● PROBLEM:
Write out the data exactly from its first line onward, ending with the line in which "Jennifer Lawrence leaning" appears.

● DATA EXTRACTS:
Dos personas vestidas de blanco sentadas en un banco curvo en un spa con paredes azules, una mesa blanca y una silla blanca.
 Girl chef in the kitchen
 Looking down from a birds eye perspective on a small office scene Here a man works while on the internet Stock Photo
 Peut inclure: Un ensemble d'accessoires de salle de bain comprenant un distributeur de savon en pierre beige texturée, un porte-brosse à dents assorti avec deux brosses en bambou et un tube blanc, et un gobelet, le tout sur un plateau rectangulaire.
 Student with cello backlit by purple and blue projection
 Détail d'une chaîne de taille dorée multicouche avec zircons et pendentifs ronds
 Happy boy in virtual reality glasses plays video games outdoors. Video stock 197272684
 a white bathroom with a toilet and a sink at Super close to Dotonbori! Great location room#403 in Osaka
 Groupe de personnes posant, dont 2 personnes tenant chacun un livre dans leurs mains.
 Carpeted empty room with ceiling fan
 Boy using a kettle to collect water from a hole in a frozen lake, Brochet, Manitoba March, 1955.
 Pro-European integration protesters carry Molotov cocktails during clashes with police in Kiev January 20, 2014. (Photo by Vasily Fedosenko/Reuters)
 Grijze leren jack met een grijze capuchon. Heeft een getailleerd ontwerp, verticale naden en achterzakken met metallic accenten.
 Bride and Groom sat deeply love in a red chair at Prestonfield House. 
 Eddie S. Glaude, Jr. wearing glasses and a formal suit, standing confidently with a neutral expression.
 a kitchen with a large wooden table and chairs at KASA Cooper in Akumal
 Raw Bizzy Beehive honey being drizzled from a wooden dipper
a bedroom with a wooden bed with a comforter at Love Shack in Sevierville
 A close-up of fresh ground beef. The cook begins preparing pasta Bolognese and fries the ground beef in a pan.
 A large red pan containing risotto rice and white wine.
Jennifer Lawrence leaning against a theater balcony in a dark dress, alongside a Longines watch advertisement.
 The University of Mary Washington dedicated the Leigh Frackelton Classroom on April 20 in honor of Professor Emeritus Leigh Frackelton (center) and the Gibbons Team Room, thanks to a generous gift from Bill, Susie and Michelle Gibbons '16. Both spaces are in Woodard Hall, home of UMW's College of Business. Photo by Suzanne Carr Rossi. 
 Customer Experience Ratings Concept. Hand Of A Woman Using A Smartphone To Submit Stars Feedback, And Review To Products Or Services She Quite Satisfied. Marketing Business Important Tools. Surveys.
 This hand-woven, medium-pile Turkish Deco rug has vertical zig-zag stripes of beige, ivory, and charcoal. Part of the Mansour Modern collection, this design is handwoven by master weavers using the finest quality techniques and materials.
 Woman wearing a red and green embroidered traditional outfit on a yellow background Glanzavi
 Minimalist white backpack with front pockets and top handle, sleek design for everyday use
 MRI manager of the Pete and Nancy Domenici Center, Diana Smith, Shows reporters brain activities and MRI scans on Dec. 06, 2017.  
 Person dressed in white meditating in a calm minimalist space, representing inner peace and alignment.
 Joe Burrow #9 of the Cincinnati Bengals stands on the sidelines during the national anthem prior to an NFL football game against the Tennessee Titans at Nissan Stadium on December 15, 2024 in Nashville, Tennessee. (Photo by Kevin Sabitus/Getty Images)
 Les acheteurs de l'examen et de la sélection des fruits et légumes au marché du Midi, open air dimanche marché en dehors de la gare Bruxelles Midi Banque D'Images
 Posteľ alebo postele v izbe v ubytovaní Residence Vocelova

● ANSWER BOX:
Dos personas vestidas de blanco sentadas en un banco curvo en un spa con paredes azules, una mesa blanca y una silla blanca.
 Girl chef in the kitchen
 Looking down from a birds eye perspective on a small office scene Here a man works while on the internet Stock Photo
 Peut inclure: Un ensemble d'accessoires de salle de bain comprenant un distributeur de savon en pierre beige texturée, un porte-brosse à dents assorti avec deux brosses en bambou et un tube blanc, et un gobelet, le tout sur un plateau rectangulaire.
 Student with cello backlit by purple and blue projection
 Détail d'une chaîne de taille dorée multicouche avec zircons et pendentifs ronds
 Happy boy in virtual reality glasses plays video games outdoors. Video stock 197272684
 a white bathroom with a toilet and a sink at Super close to Dotonbori! Great location room#403 in Osaka
 Groupe de personnes posant, dont 2 personnes tenant chacun un livre dans leurs mains.
 Carpeted empty room with ceiling fan
 Boy using a kettle to collect water from a hole in a frozen lake, Brochet, Manitoba March, 1955.
 Pro-European integration protesters carry Molotov cocktails during clashes with police in Kiev January 20, 2014. (Photo by Vasily Fedosenko/Reuters)
 Grijze leren jack met een grijze capuchon. Heeft een getailleerd ontwerp, verticale naden en achterzakken met metallic accenten.
 Bride and Groom sat deeply love in a red chair at Prestonfield House. 
 Eddie S. Glaude, Jr. wearing glasses and a formal suit, standing confidently with a neutral expression.
 a kitchen with a large wooden table and chairs at KASA Cooper in Akumal
 Raw Bizzy Beehive honey being drizzled from a wooden dipper
a bedroom with a wooden bed with a comforter at Love Shack in Sevierville
 A close-up of fresh ground beef. The cook begins preparing pasta Bolognese and fries the ground beef in a pan.
 A large red pan containing risotto rice and white wine.
Jennifer Lawrence leaning against a theater balcony in a dark dress, alongside a Longines watch advertisement.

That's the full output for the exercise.